Creosote and Smokers
When smoking meat, the ultimate goal is to have a tender and juicy texture, as well as a subtle smoky flavor but unfortunately, this is not always the case. Although smoking meat is not difficult, it does need to be done right or you will end up with meat that is tough, too smoky, and even meat with a bitter taste. For a smoker to work best, three things must come together to include heat, smoke, and time.
Great barbecue in a smoker must also have proper airflow, which helps keep the interior temperature perfect. Therefore, the goal is to bring the smoke to the meat quickly and only for a short amount of time. What happens is that if smoke permeates the smoker too long, creosote is produced, which is what causes the bitterness. In fact, meat that is too smoky from creosote will leave the tip of your tongue feeling numb.
The bottom line is that not only does creosote make the meat taste bad, it is also a fire hazard. Just as soot builds up in a fireplace, known as creosote, it can also build up in a smoker. Keep in mind that this substance is flammable so you want to avoid this at all costs. If you find your meat starting to taste bitter and should you notice numbness on the tongue, you know immediately that you need to thoroughly, clean the smoker to eliminate all creosote.
In most cases, a smoker can be cleaned with good, old-fashioned soap and water, followed by a good rinsing. However, before you do any cleaning, we recommend you contact the manufacturer to determine their recommendations. If you were unsure if creosote were built up in your smoker, you can conduct a simple test. For this, take a glass of cold water, holding it directly into a stream of smoke from the smoker. After 60 seconds, if you notice tiny black flecks, then you know you have creosote buildup.
The main problem is that the smoker does not have enough ventilation.

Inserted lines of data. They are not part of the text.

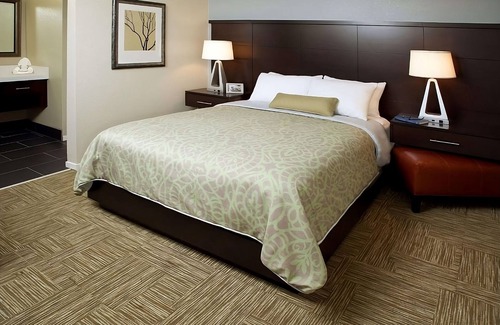 Sunnyvale Resort | Look No More! TWO Comfortable 2BR Suites, Outdoor Swimming Pool, Pets Allowed!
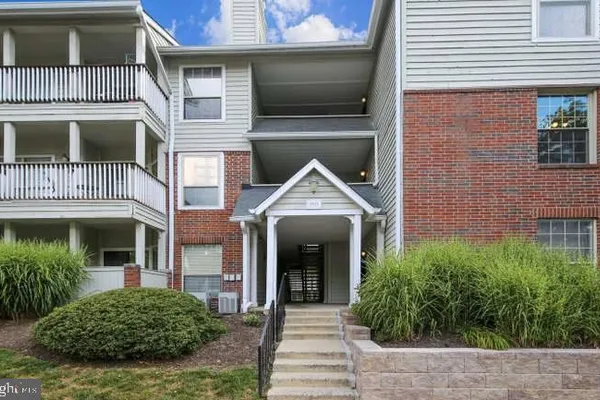 3921 PENDERVIEW DR 1828
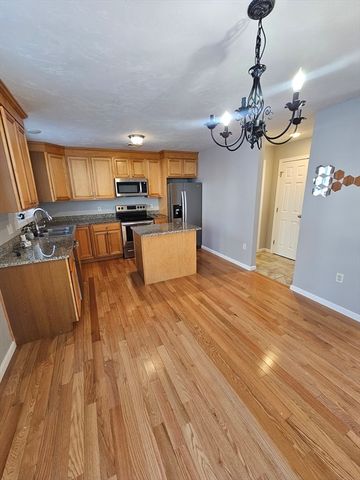 16 Third Street, Worcester, MA 01602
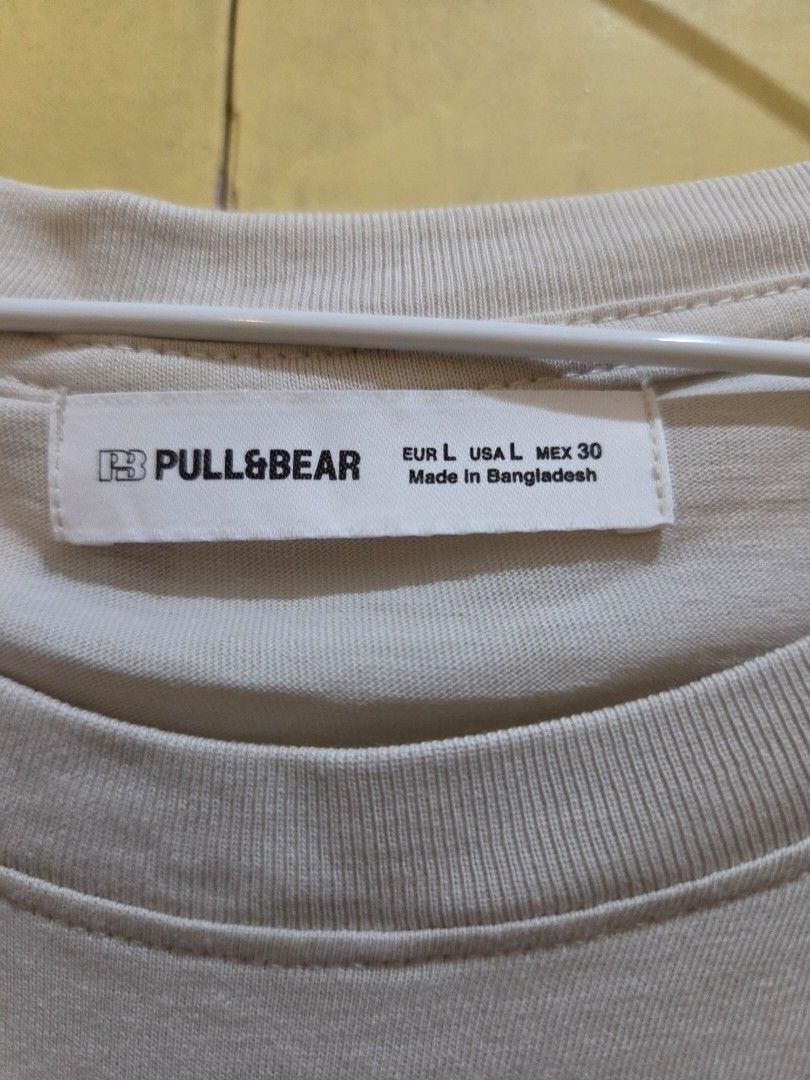 Pull & Bear Celestial Graphic Tee in Beige/Ecru (Size L) (Category: Shirts) located in Paranaque City. Submitted by mauandchelliedeclutters (Listing ID 1467838046, Image 2). Description: ​Brand: Pull&Bear ​Size: Large (EUR L / USA L / MEX 30) ​Fit: Relaxed / Regular to Oversized Fit ​Color: Ecru / Beige RFS: Someone in the fam got hospitalized, need funds. please dont haggle too low :( ​Deal & Shipping Details: ​Delivery: Lalamove / Grab / J&T (S
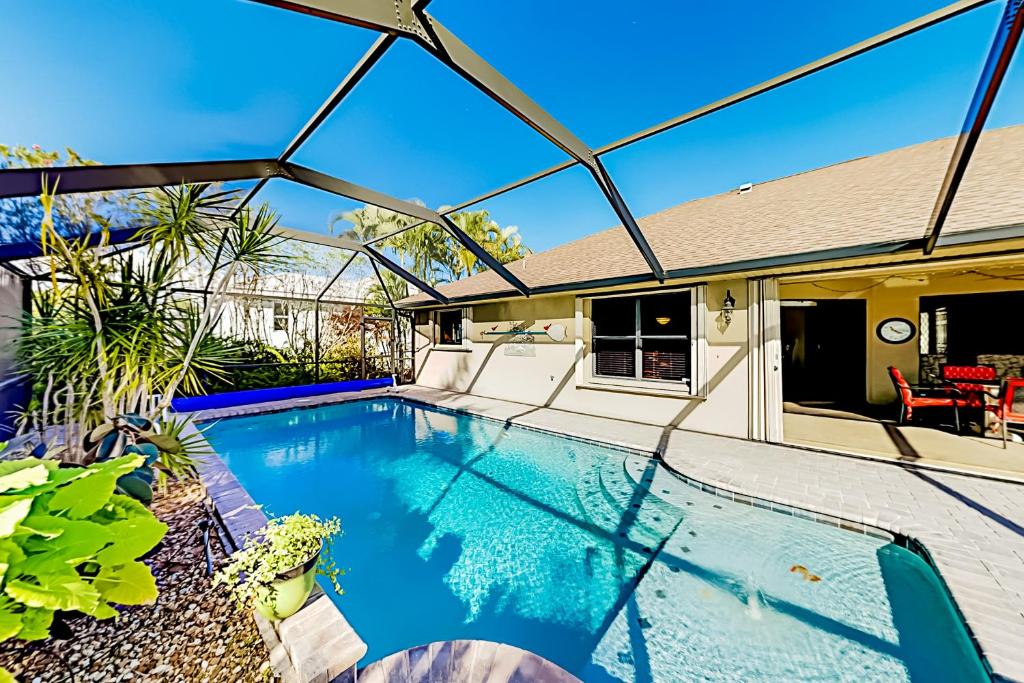Tropical Gem, Cape Coral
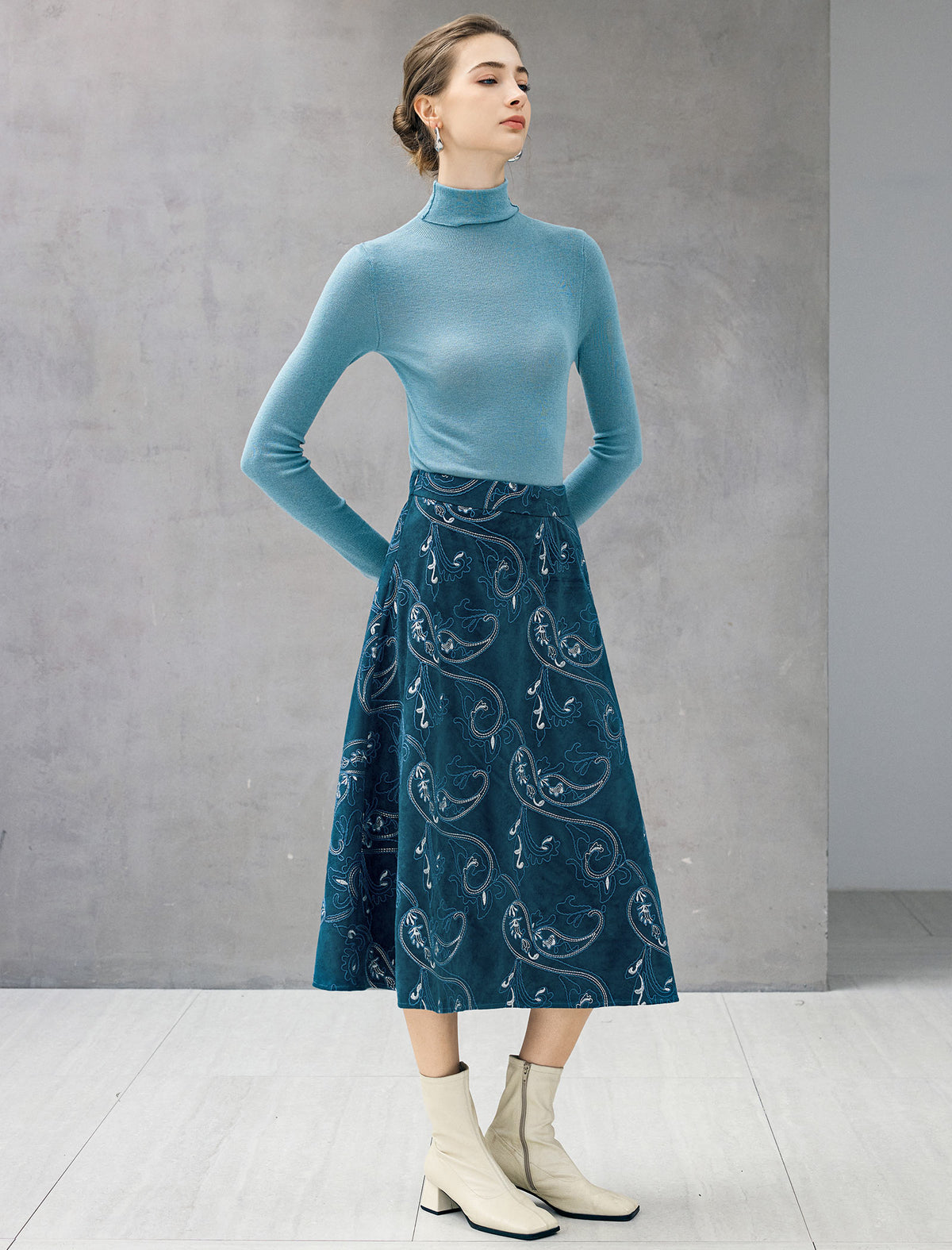 Embroidered Paisley High-Waist A-Line Midi Skirt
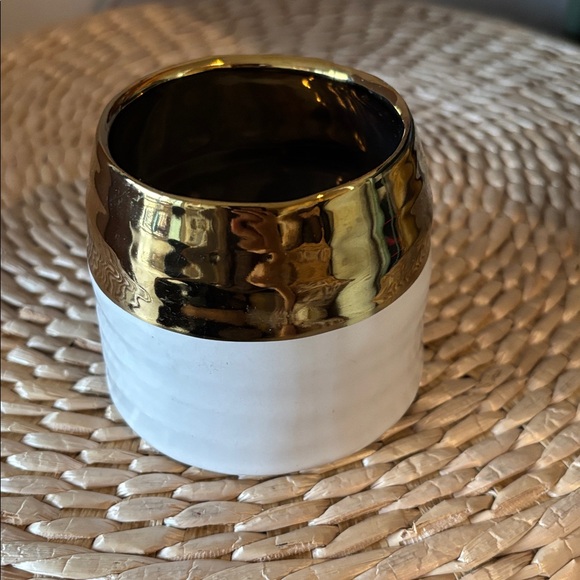 🌸Spring Ready☀️White Ceramic Pot with Gold Rim - Picture 4 of 12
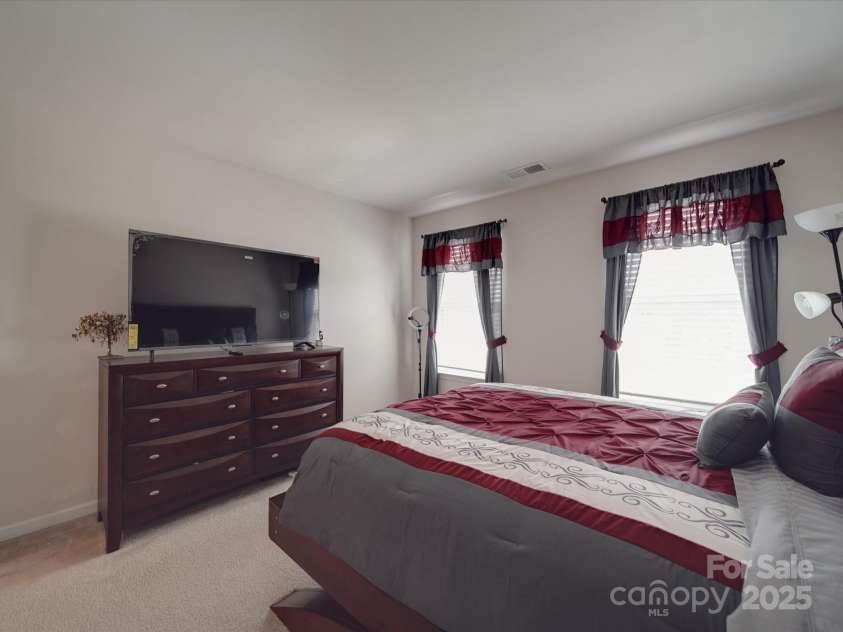 848 Wingthorn Rose Drive, Gastonia, NC 28056.  MLS# CAR4242063, YatesRealty ID 13807. 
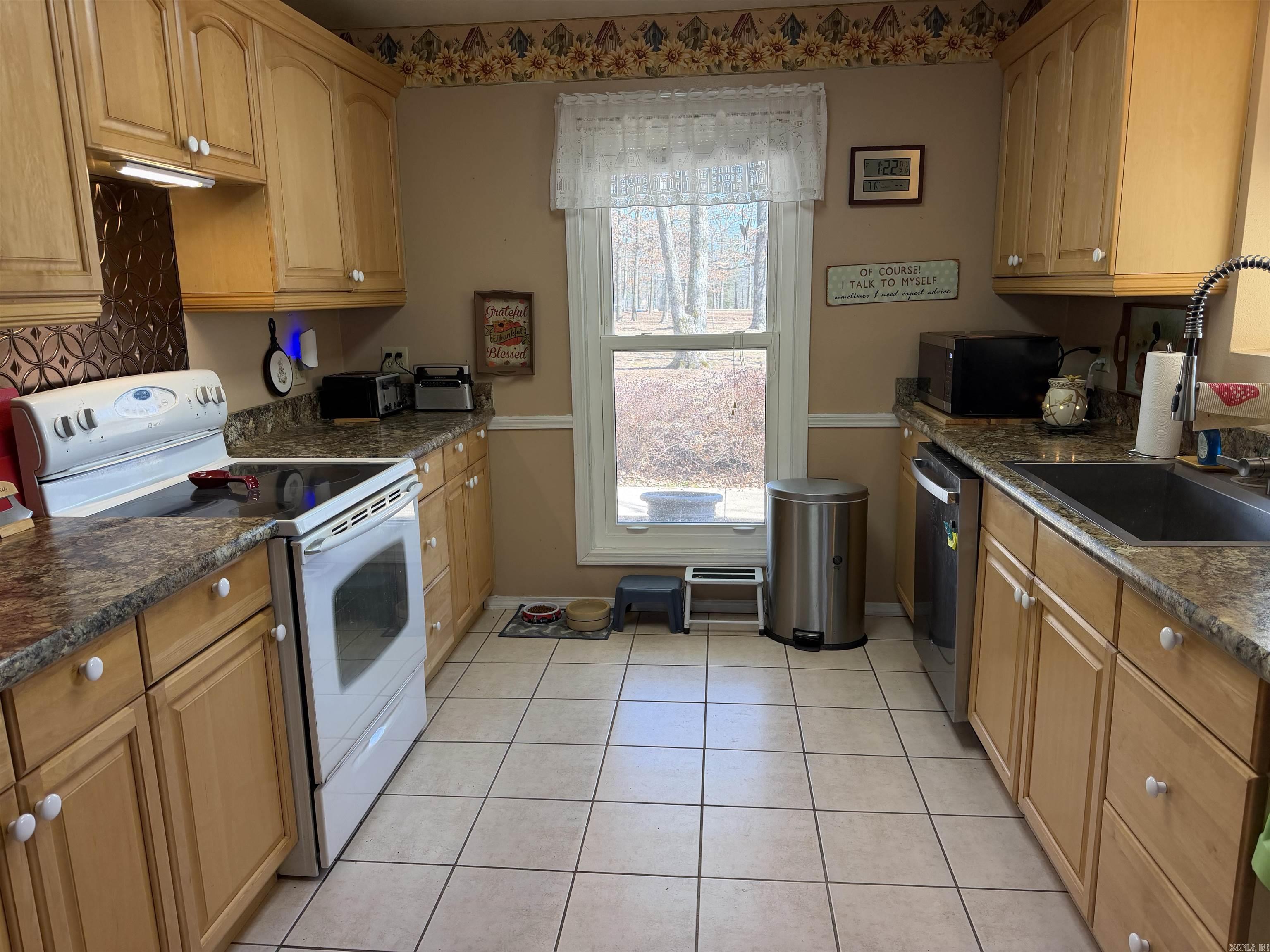 DOGWOOD SPRINGS - Residential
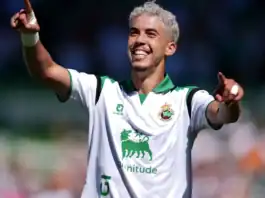 زابيري يسجل مجددًا ومدرب راسينغ يشيد به: سيصنع حقبته المغربي ياسر زابيري مهاجم راسينغ سانتاندير خلال مباراة في الدوري الإسباني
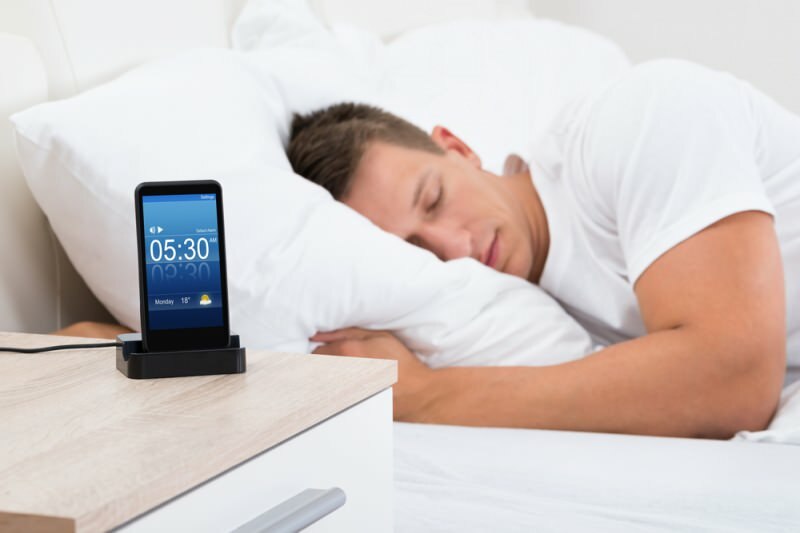 Dicht bij de mobiele telefoon slapen veroorzaakt een ernstige ziekte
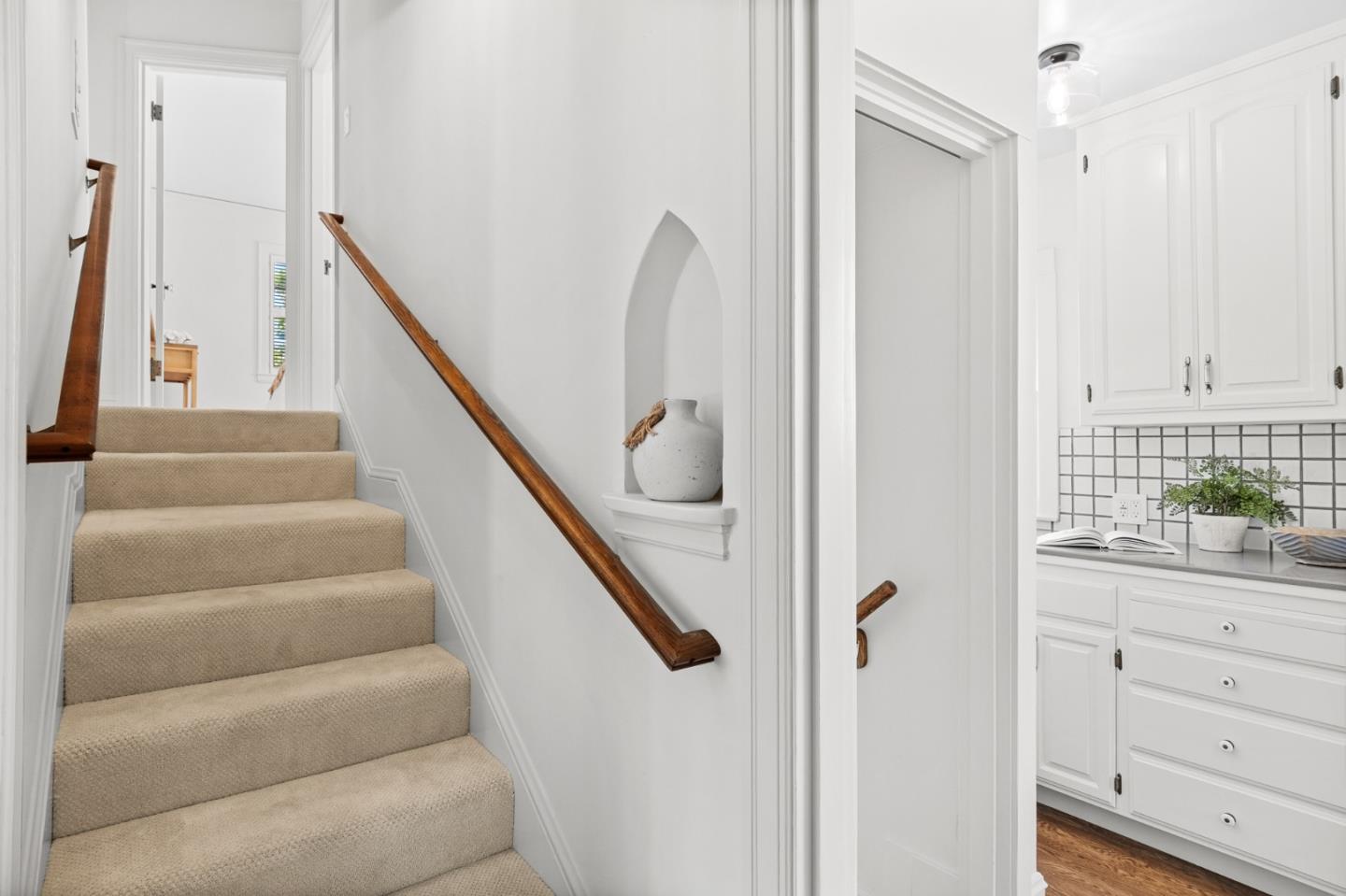 Detail Gallery Image 17 of 45 For 1000 Capuchino Ave, Burlingame,  CA 94010 - 2 Beds | 1 Baths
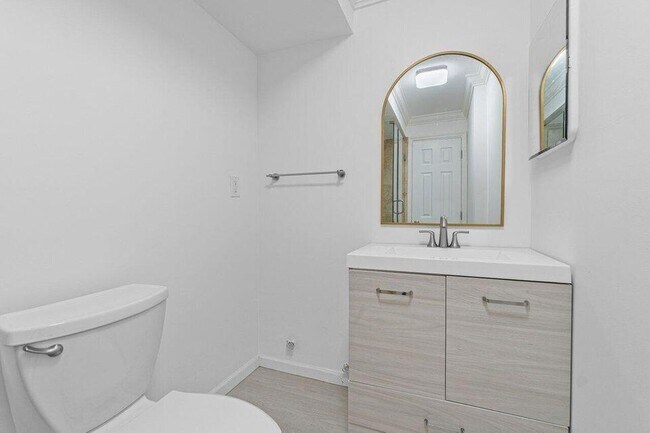 Building Photo - 8 Royal Palm Way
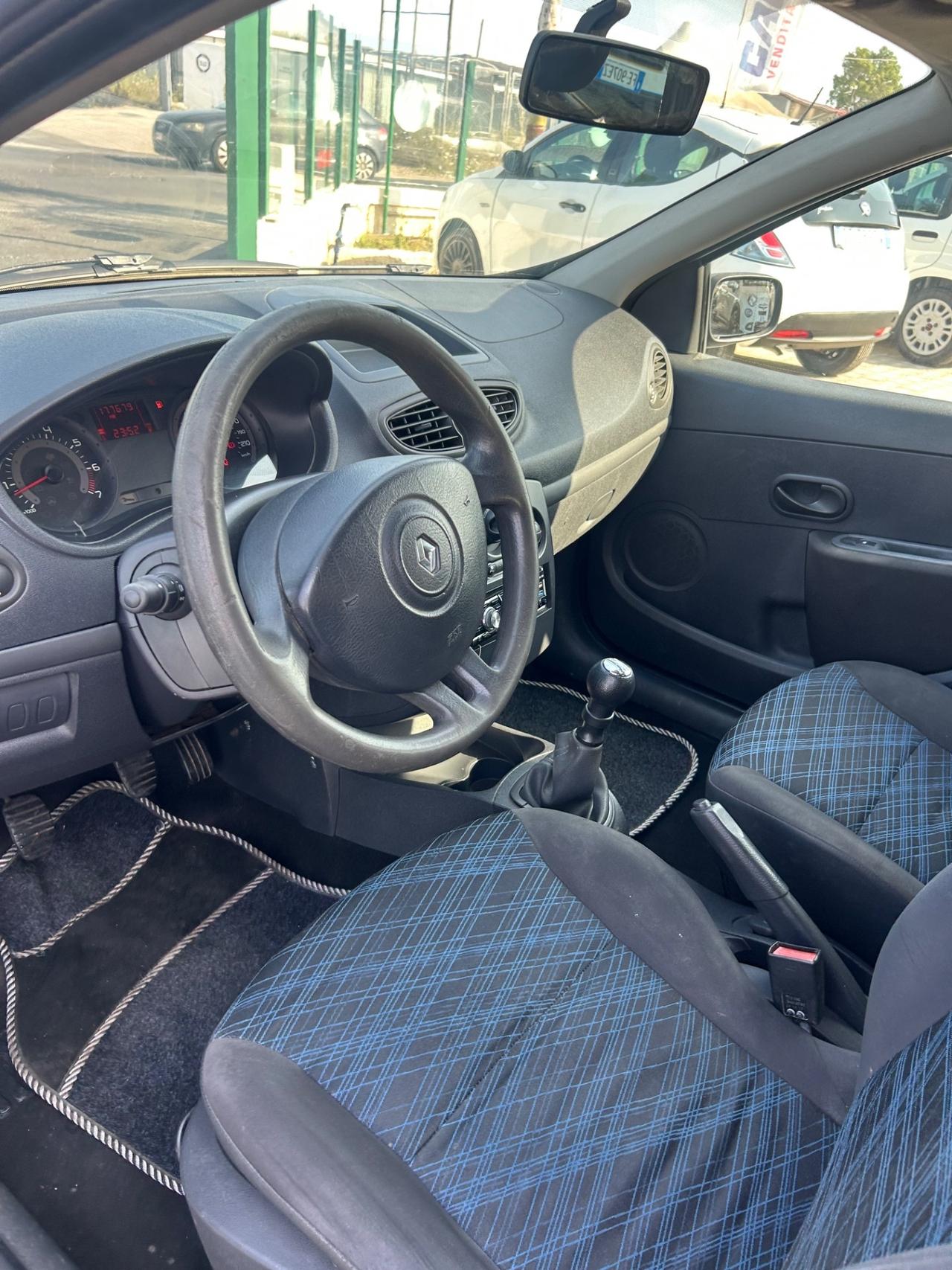 Renault Clio Storia 1.2 16V 5 porte Dynamique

Therefore, after cleaning the smoker, you need to make sure it is receiving adequate airflow. Usually just opening the vents wider is all it takes to correct the problem. For horizontal smokers that do not have vents, simply lift off the lid so smoke can seep out. In addition, once you notice the buildup of creosote, do not add any more wood. Then, for a while so the creosote can burn off, decrease smoke production. Some people will even wrap the meat in foil so it can still be smoked but without exposure to the creosote.
A second method to see if your smoker has a buildup of creosote is to take a bite of the smoked meat. Take a bite from the outside edge, keeping the meat on your tongue for a few minutes to see if you notice any type of bitterness or numbness. The good news is that creosote is easy to get rid of and once you identify it, easy to prevent so you can enjoy healthy and delicious smoked foods.